Monday, January 18, 2016

Abusing QEMU and mmap() or Poor Man's PCI Pass-Through

The problem.

Another tale from the endless firmware endeavours.
The other day I ended up in a weird situation. I was locked in a room with three firmwares - one of them was built by myself from source, while the other two came in binary form from the vendor. Naturally the one I built was not fully working, and one of the binaries worked fine. So I set out on a quest to trace all PCI MMIO accesses.

When one thinks about it, several solutions come to mind. The first idea is to run a QEMU/XEN VM and pass-through the PCI device. Unfortunately the board we had did not have IOMMU (or VT-D in Intel terminology). The board had the Intel BayTrail SoC which is basically a CPU for phones.
Another option would be to binary-patch the prebuilt firmware and introduce a set of wrapper functions around MMIO access routines and add corresponding calls to printf() for debugging but this approach is very tedious and error-prone, and I try to avoid patching binaries because I'm extremely lazy.
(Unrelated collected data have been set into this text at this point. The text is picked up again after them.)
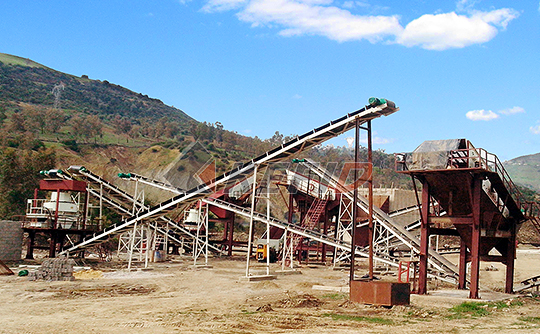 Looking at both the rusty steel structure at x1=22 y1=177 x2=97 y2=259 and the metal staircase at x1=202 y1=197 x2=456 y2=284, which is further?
the rusty steel structure at x1=22 y1=177 x2=97 y2=259

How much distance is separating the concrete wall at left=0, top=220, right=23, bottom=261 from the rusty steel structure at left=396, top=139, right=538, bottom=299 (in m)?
23.2

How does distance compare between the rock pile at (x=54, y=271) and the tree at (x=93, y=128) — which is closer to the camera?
the rock pile at (x=54, y=271)

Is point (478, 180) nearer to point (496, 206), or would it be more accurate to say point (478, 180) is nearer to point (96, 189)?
point (496, 206)

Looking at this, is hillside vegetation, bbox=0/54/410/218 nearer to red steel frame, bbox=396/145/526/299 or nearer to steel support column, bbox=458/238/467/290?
red steel frame, bbox=396/145/526/299

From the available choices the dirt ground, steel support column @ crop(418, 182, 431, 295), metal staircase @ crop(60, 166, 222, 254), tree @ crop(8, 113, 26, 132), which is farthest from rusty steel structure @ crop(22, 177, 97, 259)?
tree @ crop(8, 113, 26, 132)

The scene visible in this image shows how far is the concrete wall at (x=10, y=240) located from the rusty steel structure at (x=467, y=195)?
76.3 feet

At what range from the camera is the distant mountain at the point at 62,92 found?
14725 centimetres

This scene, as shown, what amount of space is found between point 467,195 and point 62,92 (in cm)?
16069

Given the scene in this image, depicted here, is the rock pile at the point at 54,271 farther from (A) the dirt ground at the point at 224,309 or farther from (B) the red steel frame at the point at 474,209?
(B) the red steel frame at the point at 474,209

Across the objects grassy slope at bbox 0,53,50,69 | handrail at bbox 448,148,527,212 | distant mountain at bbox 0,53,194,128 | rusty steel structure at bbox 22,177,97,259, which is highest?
grassy slope at bbox 0,53,50,69

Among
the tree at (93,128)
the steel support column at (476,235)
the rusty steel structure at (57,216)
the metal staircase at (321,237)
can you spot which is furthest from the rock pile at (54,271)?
the tree at (93,128)

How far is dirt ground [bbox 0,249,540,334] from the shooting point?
14.8 m

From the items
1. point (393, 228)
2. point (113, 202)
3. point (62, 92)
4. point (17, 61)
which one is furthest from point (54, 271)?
point (17, 61)

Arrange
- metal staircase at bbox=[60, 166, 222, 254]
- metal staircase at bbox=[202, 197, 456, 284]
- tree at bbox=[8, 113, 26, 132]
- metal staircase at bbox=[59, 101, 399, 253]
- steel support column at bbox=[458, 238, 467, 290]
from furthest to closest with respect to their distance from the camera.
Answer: tree at bbox=[8, 113, 26, 132], metal staircase at bbox=[60, 166, 222, 254], metal staircase at bbox=[202, 197, 456, 284], steel support column at bbox=[458, 238, 467, 290], metal staircase at bbox=[59, 101, 399, 253] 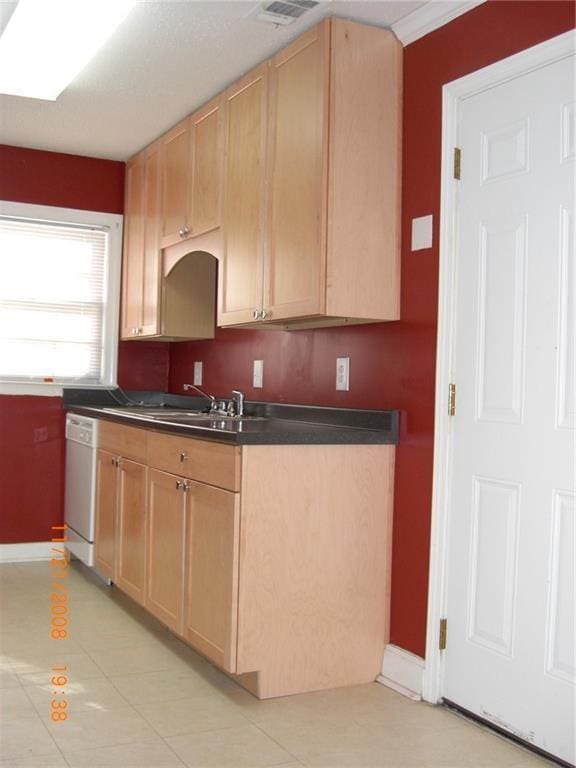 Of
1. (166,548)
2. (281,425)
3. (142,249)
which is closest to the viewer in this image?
(166,548)

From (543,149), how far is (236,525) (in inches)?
59.4

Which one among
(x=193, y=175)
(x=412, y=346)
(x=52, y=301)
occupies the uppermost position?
(x=193, y=175)

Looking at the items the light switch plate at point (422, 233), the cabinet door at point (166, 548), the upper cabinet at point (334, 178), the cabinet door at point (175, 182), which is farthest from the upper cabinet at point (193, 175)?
the cabinet door at point (166, 548)

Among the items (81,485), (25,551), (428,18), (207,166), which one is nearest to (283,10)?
(428,18)

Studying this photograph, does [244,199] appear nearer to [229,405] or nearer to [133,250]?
[229,405]

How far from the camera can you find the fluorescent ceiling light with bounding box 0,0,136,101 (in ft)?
9.81

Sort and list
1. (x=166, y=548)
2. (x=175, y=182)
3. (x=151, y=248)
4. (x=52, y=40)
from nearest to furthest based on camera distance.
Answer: (x=52, y=40) < (x=166, y=548) < (x=175, y=182) < (x=151, y=248)

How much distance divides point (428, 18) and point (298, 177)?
0.71m

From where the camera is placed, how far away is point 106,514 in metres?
4.32

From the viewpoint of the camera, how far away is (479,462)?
279 centimetres

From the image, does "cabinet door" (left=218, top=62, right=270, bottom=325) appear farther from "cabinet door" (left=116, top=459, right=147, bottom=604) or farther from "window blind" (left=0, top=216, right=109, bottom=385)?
"window blind" (left=0, top=216, right=109, bottom=385)

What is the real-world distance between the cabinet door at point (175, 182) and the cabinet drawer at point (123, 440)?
3.32ft

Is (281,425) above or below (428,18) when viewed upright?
below

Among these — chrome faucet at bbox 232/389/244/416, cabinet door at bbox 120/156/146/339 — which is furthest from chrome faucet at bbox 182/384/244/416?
cabinet door at bbox 120/156/146/339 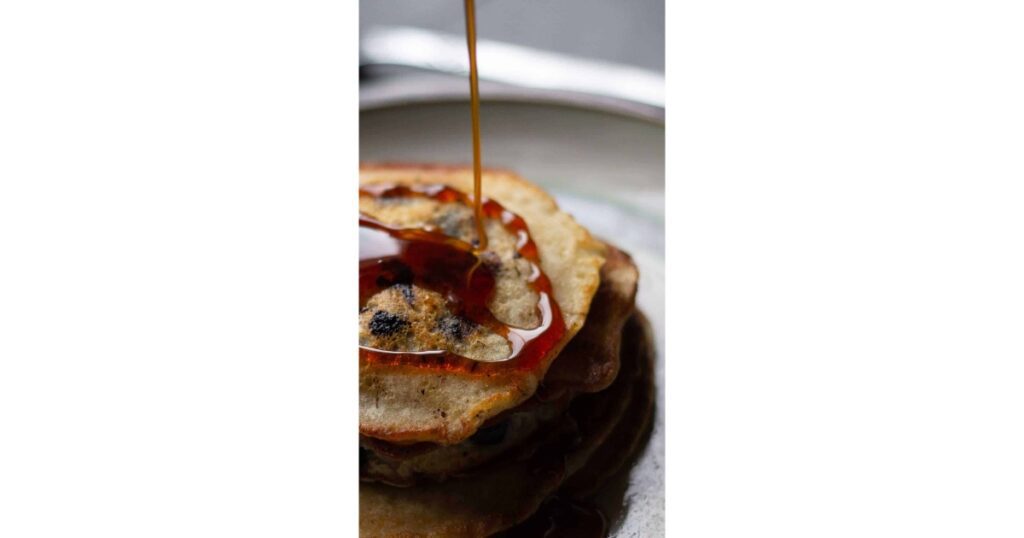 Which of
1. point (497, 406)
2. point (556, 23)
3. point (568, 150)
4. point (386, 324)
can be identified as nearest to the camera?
point (497, 406)

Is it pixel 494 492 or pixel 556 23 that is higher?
pixel 556 23

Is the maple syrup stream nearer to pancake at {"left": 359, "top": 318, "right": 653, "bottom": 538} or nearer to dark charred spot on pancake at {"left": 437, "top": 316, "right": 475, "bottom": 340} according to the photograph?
dark charred spot on pancake at {"left": 437, "top": 316, "right": 475, "bottom": 340}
So I figured the peripherals of interest (namely, the I2C controller and a NIC card) were simple devices configured by simple register writes. The host did not pass any shared memory to the device, so I used a simple technique. I patched QEMU and introduced "fake" PCI devices with VID and PID of the devices I wanted to "pass-through". By default the MMIO read access return zero (or some other default value) while writes are ignored. Then I went on and added the real device access. Since I was running QEMU on Linux, I just blacklisted and rmmod'ed the corresponding drivers. Then, I used "lspci" to find the addresses of the PCI BARs and mmap() syscall on "/dev/mem" to access the device memory.

A picture is worth a thousand words


The code.

The code is quite funky, but thanks to the combination of many factors (X86 being a strongly ordered architecture and the code using only 4-byte transfers) the naive implementation worked fine.
1. I can now trace all register reads and writes
2. I have verified that the "good" firmware still boots and everything is working fine.
So, after that I simply ran all three firmwares and compared the register traces only to find out that the problems might be unrelated to driver code (which is a good result because it allowed to narrow down the amount of code to explore).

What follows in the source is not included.